TASK REQUIREMENTS:
From the material below, return exactly the lines starting at the one that holds "Set of curly" and ending at the one that holds "Crown Gentleman™ |". Pictures stay out of the answer.

THE RECORDS:
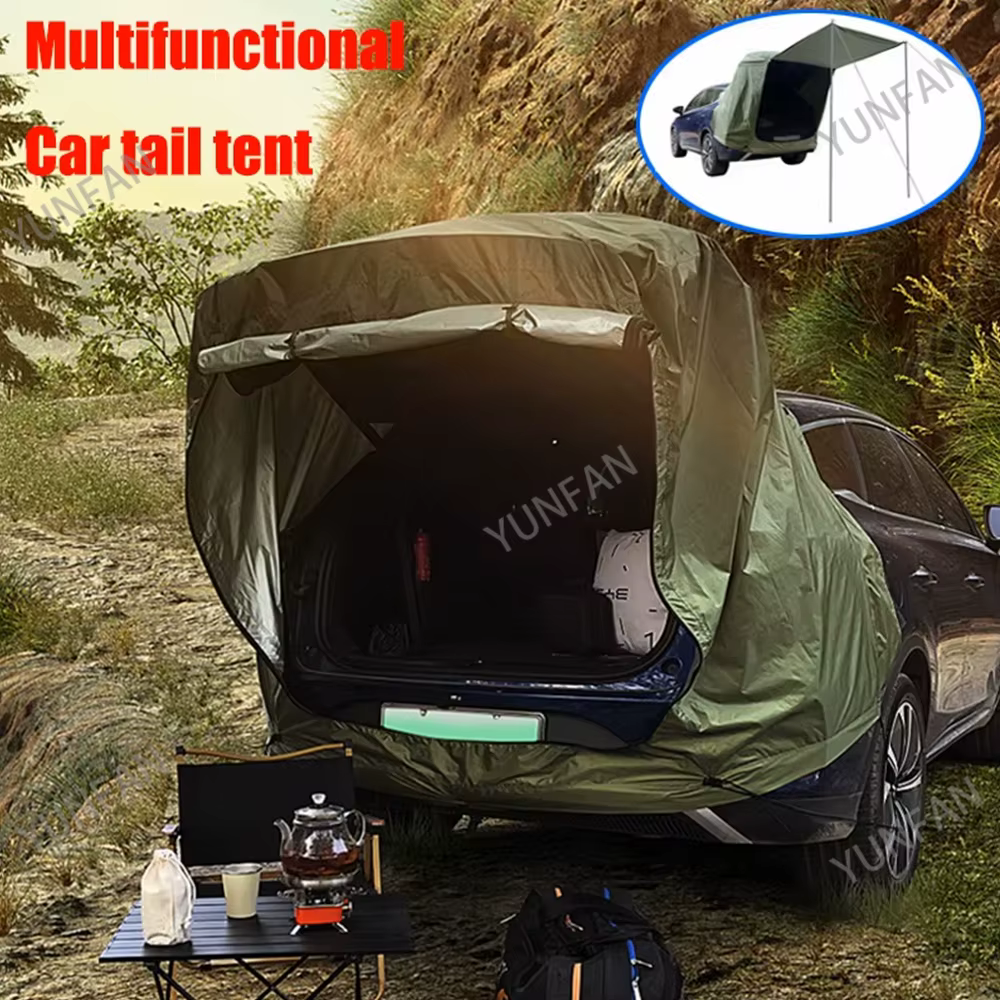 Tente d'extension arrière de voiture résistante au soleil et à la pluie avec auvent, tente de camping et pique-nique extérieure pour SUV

...

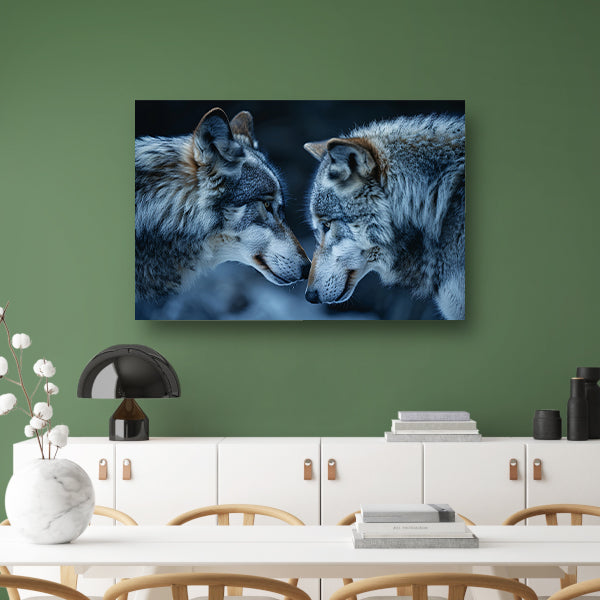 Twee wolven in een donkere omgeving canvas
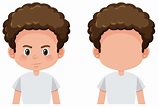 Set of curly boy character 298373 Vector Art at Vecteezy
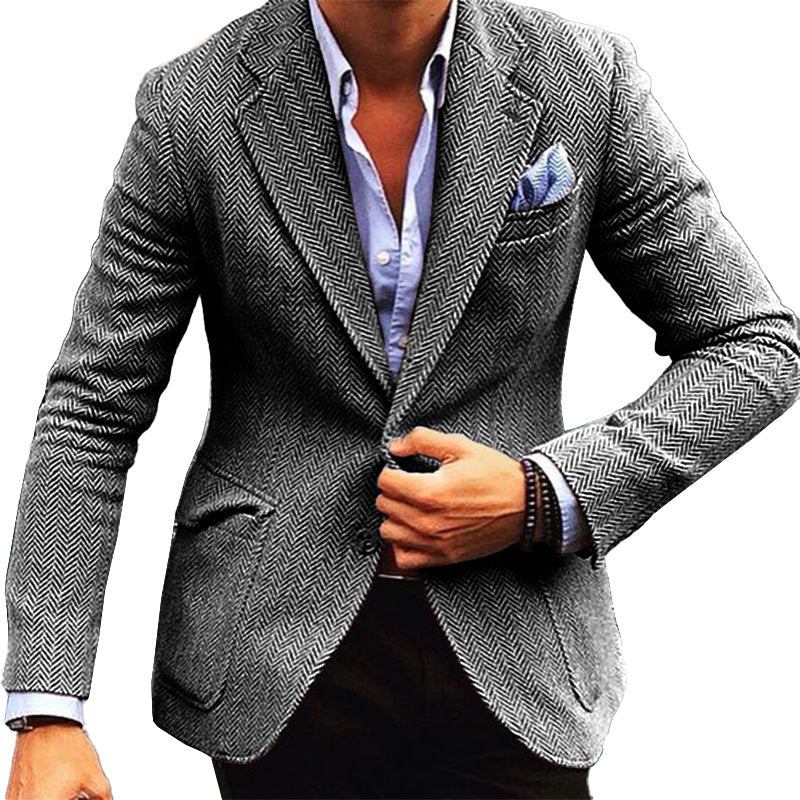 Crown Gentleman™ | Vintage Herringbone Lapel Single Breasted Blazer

--

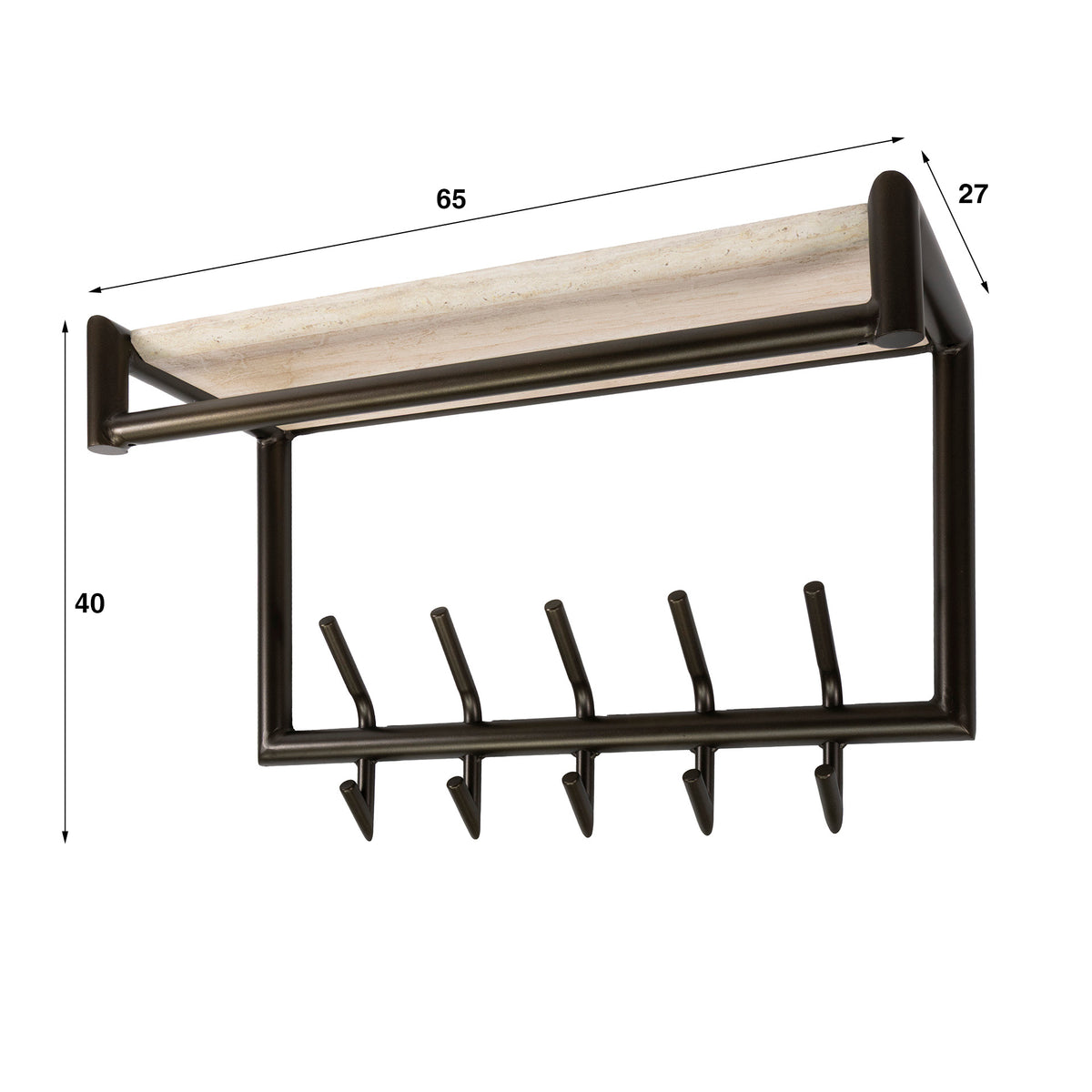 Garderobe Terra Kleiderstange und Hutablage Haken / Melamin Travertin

RESPONSE FOR THIS EXERCISE:
 Set of curly boy character 298373 Vector Art at Vecteezy
 Crown Gentleman™ | Vintage Herringbone Lapel Single Breasted Blazer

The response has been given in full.